To determine whether a warning is a bug, we trace the fact derivation process in reverse, using logs produced by Pistachio that give $\textit{Out}$ for each analyzed statement. We start from a rule failure at a conclusion, and then examine the preceding statements to see whether they directly contradict those facts. If so, then we have found what we think is a bug, and we look in the bug database to judge whether we are correct. If the preceding statements do not directly contradict the facts, we continue tracing backward, using $\textit{Out}$ to help understand the results, until we either find a contradiction or reach the hypothesis, in which case we have found a false positive. If the conclusion pattern is not found on all program paths, we use the same process to determine why those paths were not pruned from the search during fact derivation.

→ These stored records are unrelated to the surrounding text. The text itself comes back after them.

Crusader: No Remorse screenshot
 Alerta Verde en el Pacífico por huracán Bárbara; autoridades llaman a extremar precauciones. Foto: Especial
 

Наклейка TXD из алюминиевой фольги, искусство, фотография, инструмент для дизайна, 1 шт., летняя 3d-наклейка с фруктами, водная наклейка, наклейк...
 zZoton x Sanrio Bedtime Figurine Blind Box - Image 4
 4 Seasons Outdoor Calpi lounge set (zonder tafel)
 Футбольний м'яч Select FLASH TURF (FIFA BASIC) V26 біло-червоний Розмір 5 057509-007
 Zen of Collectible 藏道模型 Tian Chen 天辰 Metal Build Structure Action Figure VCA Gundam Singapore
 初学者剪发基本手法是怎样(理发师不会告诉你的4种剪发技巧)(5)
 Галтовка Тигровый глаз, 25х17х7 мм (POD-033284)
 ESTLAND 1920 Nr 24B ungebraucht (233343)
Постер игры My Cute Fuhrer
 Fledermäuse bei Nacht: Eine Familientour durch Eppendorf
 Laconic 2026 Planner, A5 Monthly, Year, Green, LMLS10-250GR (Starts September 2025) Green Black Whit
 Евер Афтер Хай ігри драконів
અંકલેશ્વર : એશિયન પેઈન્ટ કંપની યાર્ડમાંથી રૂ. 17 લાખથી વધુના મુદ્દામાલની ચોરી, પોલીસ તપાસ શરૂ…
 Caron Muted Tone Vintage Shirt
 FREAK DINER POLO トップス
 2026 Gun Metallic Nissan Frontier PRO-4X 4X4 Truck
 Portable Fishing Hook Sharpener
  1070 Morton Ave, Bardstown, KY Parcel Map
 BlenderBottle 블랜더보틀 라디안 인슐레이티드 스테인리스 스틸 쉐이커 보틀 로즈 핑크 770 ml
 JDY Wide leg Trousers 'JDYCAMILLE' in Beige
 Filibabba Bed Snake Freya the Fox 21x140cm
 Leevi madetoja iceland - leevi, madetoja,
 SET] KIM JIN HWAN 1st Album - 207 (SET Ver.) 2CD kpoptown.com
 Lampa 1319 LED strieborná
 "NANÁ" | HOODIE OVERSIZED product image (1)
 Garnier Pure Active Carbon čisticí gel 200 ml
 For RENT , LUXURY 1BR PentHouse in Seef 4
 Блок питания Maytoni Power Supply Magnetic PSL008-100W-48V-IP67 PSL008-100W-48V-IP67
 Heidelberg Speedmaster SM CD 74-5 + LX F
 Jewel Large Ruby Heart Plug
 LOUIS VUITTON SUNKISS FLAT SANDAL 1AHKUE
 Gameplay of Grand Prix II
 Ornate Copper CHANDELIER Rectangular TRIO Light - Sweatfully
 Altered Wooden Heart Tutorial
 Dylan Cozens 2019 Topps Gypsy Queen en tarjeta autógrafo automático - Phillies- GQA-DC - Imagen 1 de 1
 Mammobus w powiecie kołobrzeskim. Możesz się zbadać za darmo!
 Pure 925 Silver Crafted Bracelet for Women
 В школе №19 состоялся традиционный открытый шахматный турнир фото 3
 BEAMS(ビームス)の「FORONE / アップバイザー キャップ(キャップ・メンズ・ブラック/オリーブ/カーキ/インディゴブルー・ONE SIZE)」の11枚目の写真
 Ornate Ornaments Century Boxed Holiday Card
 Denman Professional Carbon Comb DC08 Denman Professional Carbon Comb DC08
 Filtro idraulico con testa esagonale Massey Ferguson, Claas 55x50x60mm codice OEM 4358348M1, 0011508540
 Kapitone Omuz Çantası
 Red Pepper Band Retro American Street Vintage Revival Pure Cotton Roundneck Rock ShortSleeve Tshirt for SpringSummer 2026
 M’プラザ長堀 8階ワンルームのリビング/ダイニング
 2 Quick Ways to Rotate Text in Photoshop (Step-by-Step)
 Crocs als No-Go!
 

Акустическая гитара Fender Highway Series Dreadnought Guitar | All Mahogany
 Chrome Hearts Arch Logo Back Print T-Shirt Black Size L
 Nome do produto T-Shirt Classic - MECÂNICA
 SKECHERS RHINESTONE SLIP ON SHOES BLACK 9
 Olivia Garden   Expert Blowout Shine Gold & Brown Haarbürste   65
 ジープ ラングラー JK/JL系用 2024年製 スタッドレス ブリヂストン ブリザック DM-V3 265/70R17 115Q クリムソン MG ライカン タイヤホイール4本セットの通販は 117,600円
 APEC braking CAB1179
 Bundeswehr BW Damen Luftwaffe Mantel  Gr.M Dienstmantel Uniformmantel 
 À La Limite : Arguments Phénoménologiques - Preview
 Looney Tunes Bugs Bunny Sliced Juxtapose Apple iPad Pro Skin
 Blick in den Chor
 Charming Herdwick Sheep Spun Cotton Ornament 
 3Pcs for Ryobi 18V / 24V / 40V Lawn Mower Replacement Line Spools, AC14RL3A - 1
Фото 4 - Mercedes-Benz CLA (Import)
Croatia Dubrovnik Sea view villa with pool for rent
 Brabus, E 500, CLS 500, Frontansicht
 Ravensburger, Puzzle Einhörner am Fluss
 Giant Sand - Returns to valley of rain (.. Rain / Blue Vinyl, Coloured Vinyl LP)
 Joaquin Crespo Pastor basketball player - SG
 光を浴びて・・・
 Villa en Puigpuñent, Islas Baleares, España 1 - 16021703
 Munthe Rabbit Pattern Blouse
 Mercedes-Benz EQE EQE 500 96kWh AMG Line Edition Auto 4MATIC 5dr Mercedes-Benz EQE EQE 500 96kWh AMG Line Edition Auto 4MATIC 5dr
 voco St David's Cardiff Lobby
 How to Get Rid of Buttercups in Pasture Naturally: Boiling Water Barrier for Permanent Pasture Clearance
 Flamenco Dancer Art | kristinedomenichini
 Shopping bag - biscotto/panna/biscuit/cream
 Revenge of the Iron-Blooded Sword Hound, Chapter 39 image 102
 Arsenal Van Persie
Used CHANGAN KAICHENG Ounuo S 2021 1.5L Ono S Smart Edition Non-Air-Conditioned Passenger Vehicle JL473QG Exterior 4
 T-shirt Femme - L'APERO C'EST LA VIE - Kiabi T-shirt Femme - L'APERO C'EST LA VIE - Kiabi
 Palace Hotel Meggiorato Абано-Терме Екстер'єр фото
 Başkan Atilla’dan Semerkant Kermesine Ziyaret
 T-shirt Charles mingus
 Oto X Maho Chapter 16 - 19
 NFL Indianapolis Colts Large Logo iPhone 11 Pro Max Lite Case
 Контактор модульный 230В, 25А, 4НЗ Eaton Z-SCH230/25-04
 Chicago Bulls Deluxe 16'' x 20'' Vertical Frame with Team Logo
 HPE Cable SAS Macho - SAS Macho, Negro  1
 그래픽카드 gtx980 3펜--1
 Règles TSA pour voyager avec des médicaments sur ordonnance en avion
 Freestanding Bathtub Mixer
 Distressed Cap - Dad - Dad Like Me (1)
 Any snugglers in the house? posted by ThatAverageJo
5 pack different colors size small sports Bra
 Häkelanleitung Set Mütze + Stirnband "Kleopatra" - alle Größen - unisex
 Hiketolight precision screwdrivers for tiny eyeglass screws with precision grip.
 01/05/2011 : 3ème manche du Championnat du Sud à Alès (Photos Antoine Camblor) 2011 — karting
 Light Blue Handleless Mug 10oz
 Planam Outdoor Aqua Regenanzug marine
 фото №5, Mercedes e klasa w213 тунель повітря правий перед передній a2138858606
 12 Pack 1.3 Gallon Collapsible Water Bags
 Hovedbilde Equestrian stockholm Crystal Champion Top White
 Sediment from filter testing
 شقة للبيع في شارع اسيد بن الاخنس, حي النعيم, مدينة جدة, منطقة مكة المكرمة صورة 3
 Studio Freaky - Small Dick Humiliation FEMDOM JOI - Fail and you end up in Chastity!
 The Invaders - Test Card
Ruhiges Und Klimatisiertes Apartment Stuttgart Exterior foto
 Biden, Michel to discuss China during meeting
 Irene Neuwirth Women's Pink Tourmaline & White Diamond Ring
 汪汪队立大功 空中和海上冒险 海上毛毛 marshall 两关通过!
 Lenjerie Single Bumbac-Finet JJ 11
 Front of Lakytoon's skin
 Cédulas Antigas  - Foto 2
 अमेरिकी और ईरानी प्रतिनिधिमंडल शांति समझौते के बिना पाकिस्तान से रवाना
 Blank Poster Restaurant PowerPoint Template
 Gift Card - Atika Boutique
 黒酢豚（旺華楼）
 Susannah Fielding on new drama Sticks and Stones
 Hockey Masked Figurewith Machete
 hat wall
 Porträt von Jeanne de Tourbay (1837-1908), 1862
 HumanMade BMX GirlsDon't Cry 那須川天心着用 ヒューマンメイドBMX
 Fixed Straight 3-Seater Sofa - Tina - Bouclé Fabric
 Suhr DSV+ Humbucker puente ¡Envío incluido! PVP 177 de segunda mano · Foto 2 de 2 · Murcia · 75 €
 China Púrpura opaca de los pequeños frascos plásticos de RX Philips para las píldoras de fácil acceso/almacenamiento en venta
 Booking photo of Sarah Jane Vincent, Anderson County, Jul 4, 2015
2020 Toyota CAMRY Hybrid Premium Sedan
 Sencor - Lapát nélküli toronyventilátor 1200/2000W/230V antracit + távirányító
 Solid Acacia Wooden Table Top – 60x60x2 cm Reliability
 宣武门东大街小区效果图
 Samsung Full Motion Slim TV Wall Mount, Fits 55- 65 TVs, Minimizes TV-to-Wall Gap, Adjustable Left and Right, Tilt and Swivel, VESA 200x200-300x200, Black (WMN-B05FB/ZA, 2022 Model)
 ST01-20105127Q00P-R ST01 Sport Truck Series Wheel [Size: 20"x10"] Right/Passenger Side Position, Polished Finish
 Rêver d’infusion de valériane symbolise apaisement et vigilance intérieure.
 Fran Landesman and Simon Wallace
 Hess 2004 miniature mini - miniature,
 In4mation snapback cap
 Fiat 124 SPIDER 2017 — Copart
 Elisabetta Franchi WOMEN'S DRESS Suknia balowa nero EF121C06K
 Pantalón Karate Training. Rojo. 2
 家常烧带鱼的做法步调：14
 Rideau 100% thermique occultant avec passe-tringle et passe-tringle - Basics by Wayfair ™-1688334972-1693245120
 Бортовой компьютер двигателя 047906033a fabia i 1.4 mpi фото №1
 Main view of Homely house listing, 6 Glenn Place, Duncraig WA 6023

Figure 9: Sample compatibility bug
\begin{figure}\scriptsize // Code is extracted from a function handling connecti...
...\ldots\ldots\\
11.~\}\\
12.~\textit{fmsgsend}(clisock,outmsg,sz);
\end{figure}

As a concrete example of this process, consider the second rule in Figure 7. This rule is derived from section 5 of the SSH2 Transport Protocol specification, and Pistachio reported that this rule was violated for LSH implementation 0.2.9, since it could not prove that $\textit{out}[\textit{len}(\textit{out})-2]=\textit{CR}$ and $\textit{out}[\textit{len}(\textit{out})-1]=\textit{LF}$ at a conclusion. Figure 9 shows the code (slightly simplified for readability) where the bug was reported. Statement 12 matches the conclusion pattern (here fmsgsend is a wrapper around send), and so that is where we begin. Statement 12 has two predecessors in the CFG, one for each branch of the conditional statement 4. Looking through the log, we determined that the required facts to show the conclusion were in $\textit{Out}(10)$ but not in $\textit{Out}(7)$. We examined statement 7, and observed that if it is executed (i.e., if the conditional statement 4 takes the true branch), then line 10 will send the a disconnect message, which is incorrect. Thus we backtracked to statement 4 and determined that protomsg.proto_ver$<$1 could not be proved either true or false based on $\textit{In}(4)$, which was correctly derived from the hypothesis (asserted in $\textit{Out}(1)$). Thus we determined that we found a bug, in which the implementation could send an SSH_DISCONNECT message for clients with versions below 1.0, although the protocol specifies that the server must send the identification first, independently of the other party's version. We then confirmed this bug against the LSH bug database.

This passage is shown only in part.